* [RECORDS FOR THE TASK]:
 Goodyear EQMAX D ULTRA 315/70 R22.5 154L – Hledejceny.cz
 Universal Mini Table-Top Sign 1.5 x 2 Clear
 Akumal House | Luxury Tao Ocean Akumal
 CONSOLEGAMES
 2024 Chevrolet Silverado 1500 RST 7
---
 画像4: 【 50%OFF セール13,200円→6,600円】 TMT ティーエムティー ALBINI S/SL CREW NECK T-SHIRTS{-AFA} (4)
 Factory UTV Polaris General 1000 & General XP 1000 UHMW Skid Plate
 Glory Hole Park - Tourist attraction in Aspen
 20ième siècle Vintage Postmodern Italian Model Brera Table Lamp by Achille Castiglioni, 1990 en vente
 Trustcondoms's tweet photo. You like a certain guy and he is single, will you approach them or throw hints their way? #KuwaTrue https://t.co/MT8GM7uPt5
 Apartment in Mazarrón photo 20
---
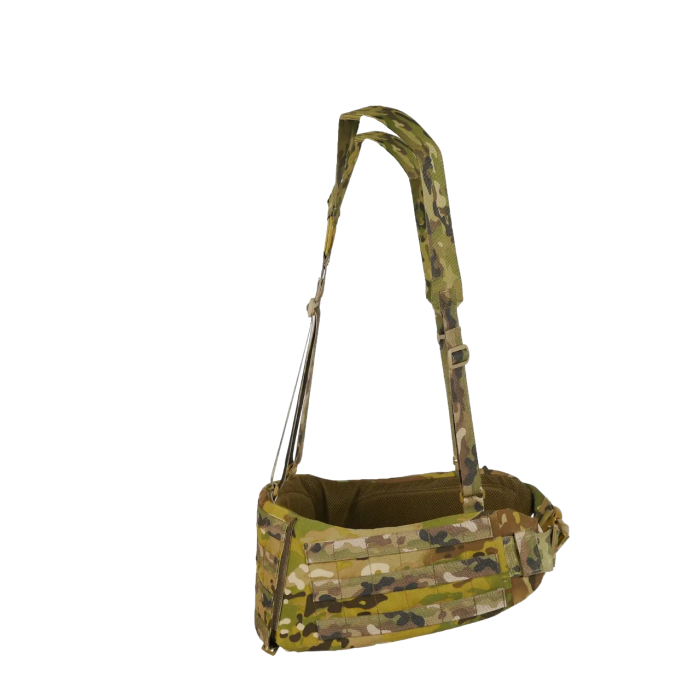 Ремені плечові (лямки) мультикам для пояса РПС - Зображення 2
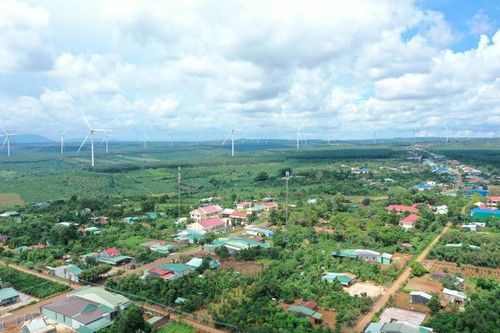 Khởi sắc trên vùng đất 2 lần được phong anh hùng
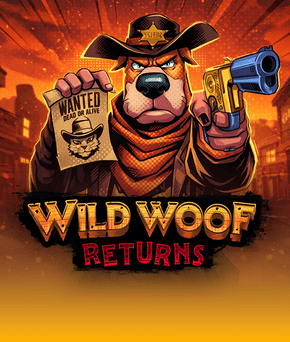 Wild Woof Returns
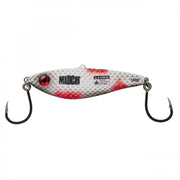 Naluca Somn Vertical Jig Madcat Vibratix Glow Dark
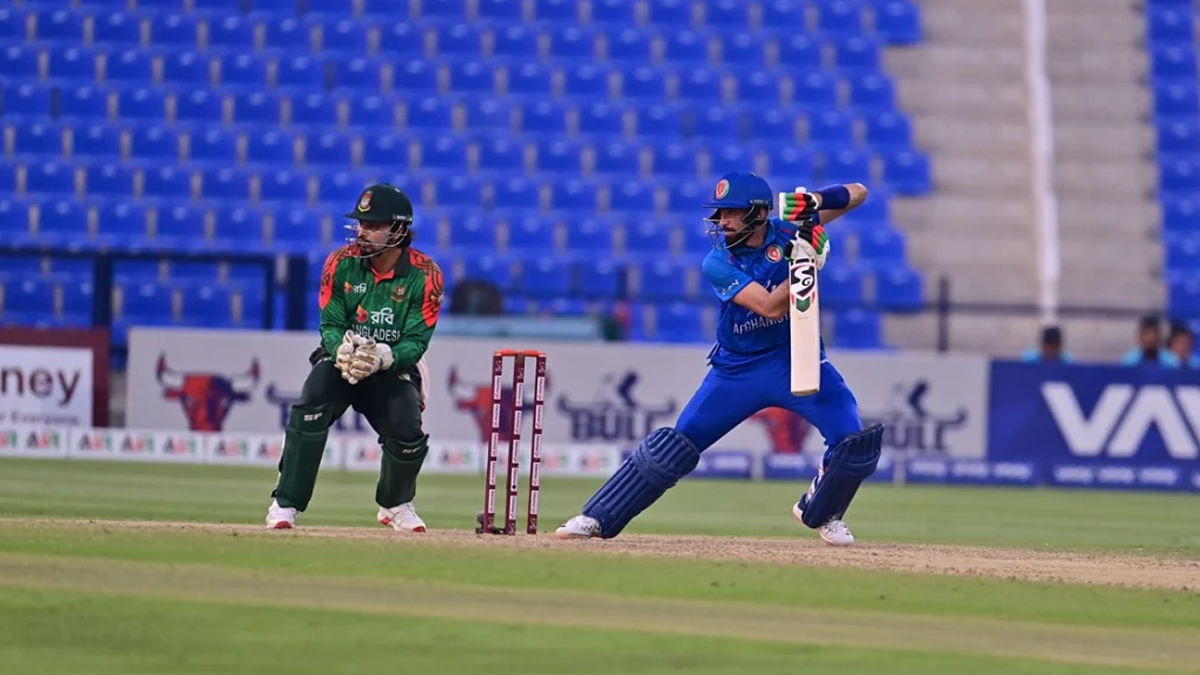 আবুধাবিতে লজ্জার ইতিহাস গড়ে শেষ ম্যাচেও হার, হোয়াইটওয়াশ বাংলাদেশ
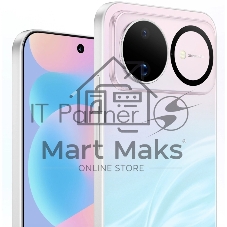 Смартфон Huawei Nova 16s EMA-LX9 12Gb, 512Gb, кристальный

* [TASK TO COMPLETE]:
Proceeding from the line containing "Goodyear EQMAX D" through the line containing "2024 Chevrolet Silverado 1500 RST 7", transcribe the lines above exactly, both end lines included.

* [RESULT OF THE TASK]:
 Goodyear EQMAX D ULTRA 315/70 R22.5 154L – Hledejceny.cz
 Universal Mini Table-Top Sign 1.5 x 2 Clear
 Akumal House | Luxury Tao Ocean Akumal
 CONSOLEGAMES
 2024 Chevrolet Silverado 1500 RST 7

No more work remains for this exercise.